Data section below:

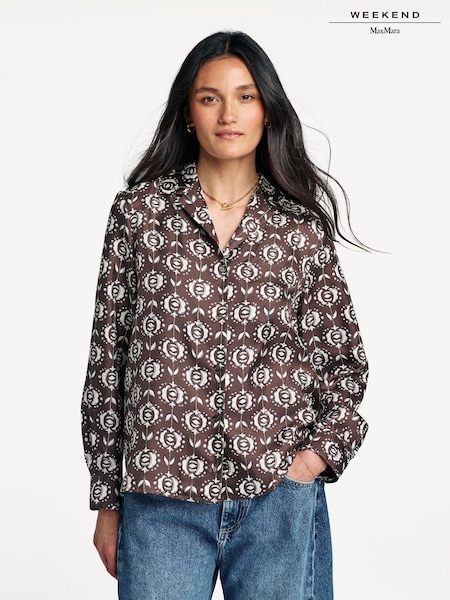 Weekend MaxMara Brown Oncia Printed Blouse (F31264) | £0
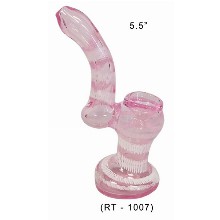 5.5 Inch Pink And White Bubbler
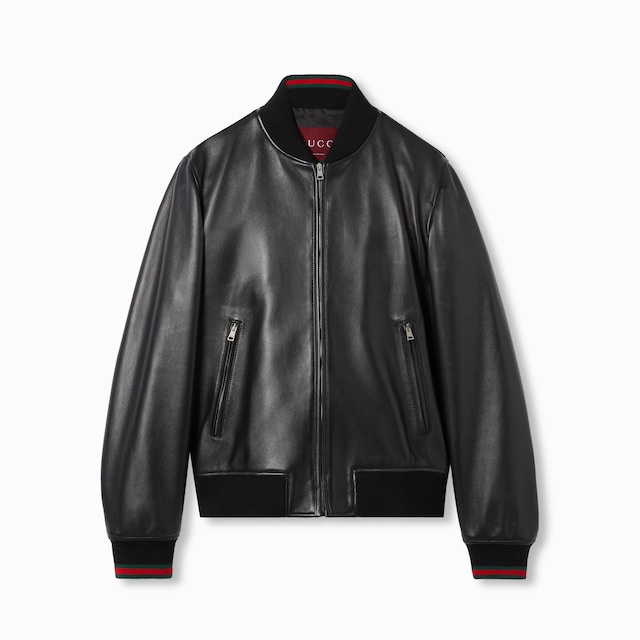 Leather bomber jacket with Web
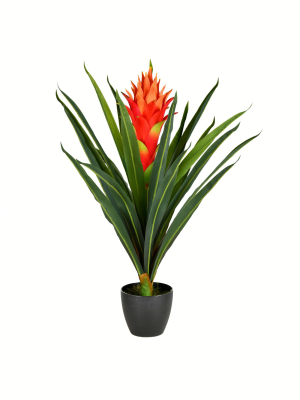 Vickerman 29" Artificial Potted Tropical Bromeliad Plant.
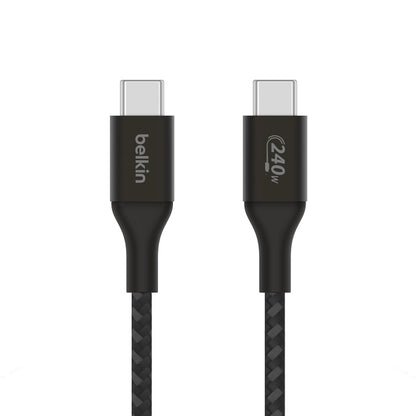 Belkin BoostCharge Braided USB-C to USB-C PD 3.1 Cable (2M) - Black (CAB015bt2Mbk), 5A/240W, 480Mbps, 30K+ Bends, Apple iPhone, 2 Years Warranty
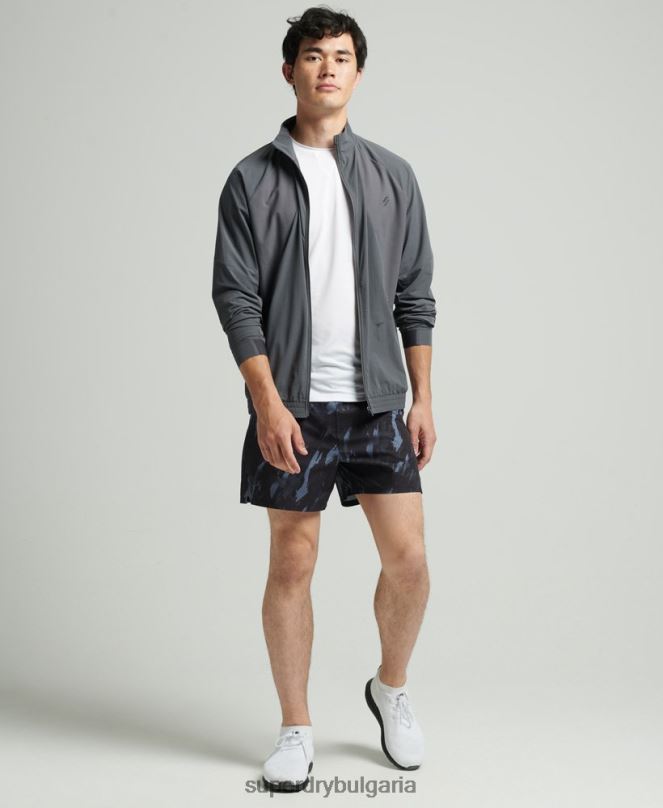 Superdry облекло N00H5371 тъмно сив мъже горнище от еластична тъкан
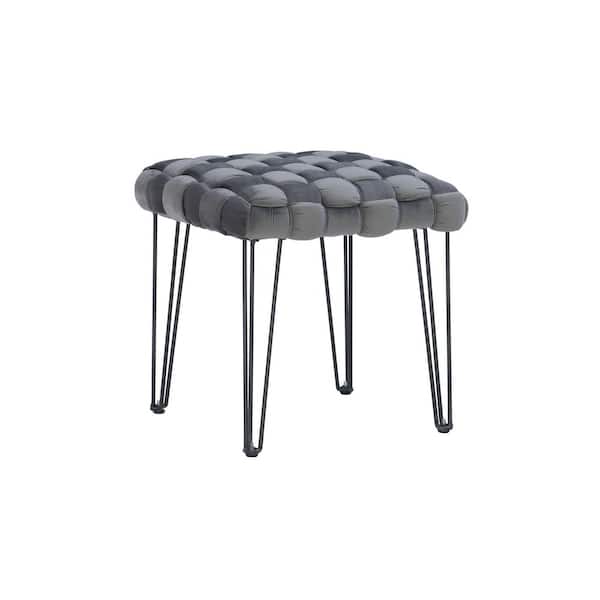 Linon Home Decor Grace 18 in. H Gray Backless Metal Frame Fabric Square Seat Accent Ottoman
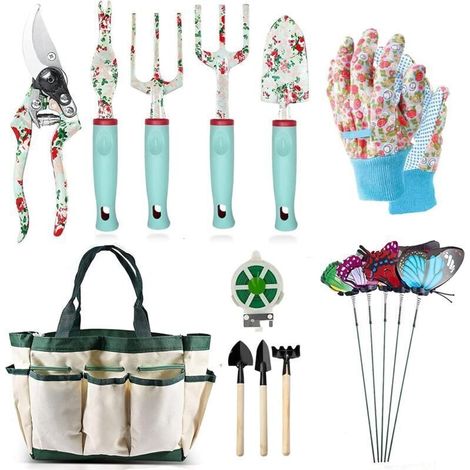 Ensemble d'Outils de Jardin 16 Pièces - Cadeau Floral avec Sécateur et Sac à Très Grande Poignée - pour Femmes et Hommes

End of Data section.

* [Work item] The records above, copied word for word without the pictures, are what should be output.

* [Output of the exercise]
 Weekend MaxMara Brown Oncia Printed Blouse (F31264) | £0
 5.5 Inch Pink And White Bubbler
 Leather bomber jacket with Web
 Vickerman 29" Artificial Potted Tropical Bromeliad Plant.
 Belkin BoostCharge Braided USB-C to USB-C PD 3.1 Cable (2M) - Black (CAB015bt2Mbk), 5A/240W, 480Mbps, 30K+ Bends, Apple iPhone, 2 Years Warranty
 Superdry облекло N00H5371 тъмно сив мъже горнище от еластична тъкан
 Linon Home Decor Grace 18 in. H Gray Backless Metal Frame Fabric Square Seat Accent Ottoman
 Ensemble d'Outils de Jardin 16 Pièces - Cadeau Floral avec Sécateur et Sac à Très Grande Poignée - pour Femmes et Hommes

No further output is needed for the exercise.